Information shown below:
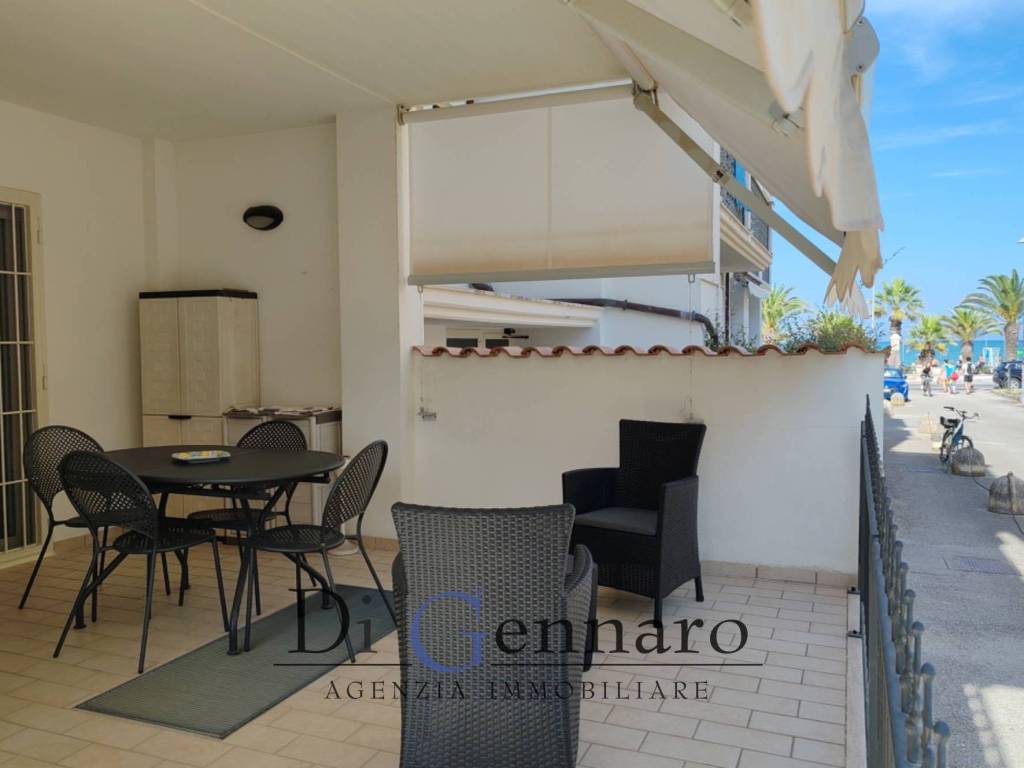 Appartamento a Tortoreto in Lungomare Sirena, 488 - Foto 2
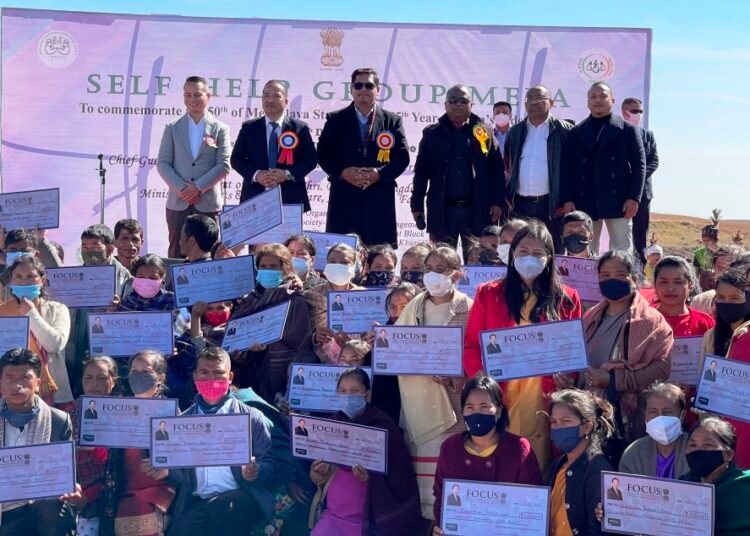 Works to upgrade 46 blocks to commence next year: CM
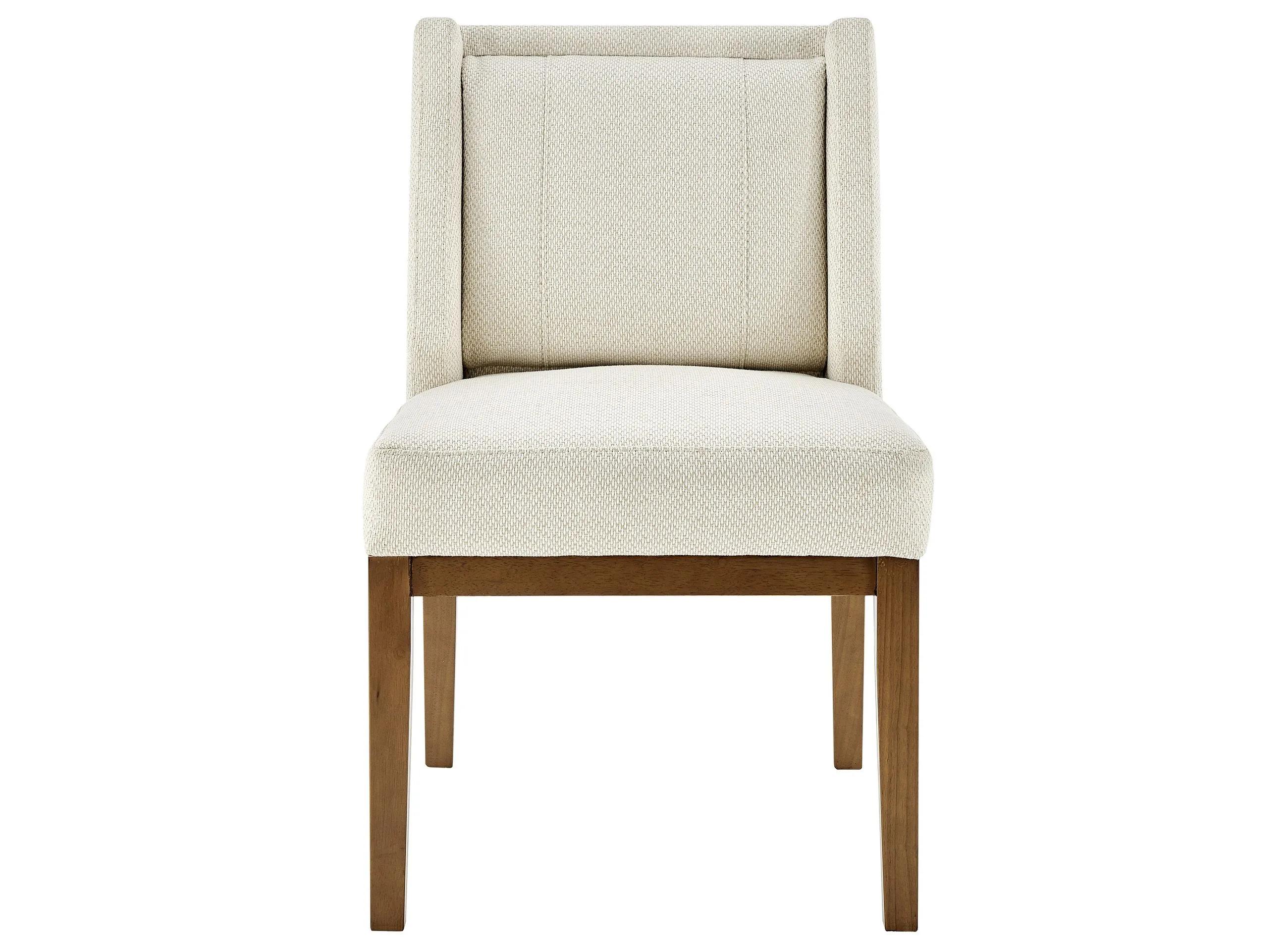 Ethan Fabric Dining Side Chair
End of Information shown.
§ Task item
Return the complete material exactly as it appears, without images.

§ The answer
 Appartamento a Tortoreto in Lungomare Sirena, 488 - Foto 2
 Works to upgrade 46 blocks to commence next year: CM
 Ethan Fabric Dining Side Chair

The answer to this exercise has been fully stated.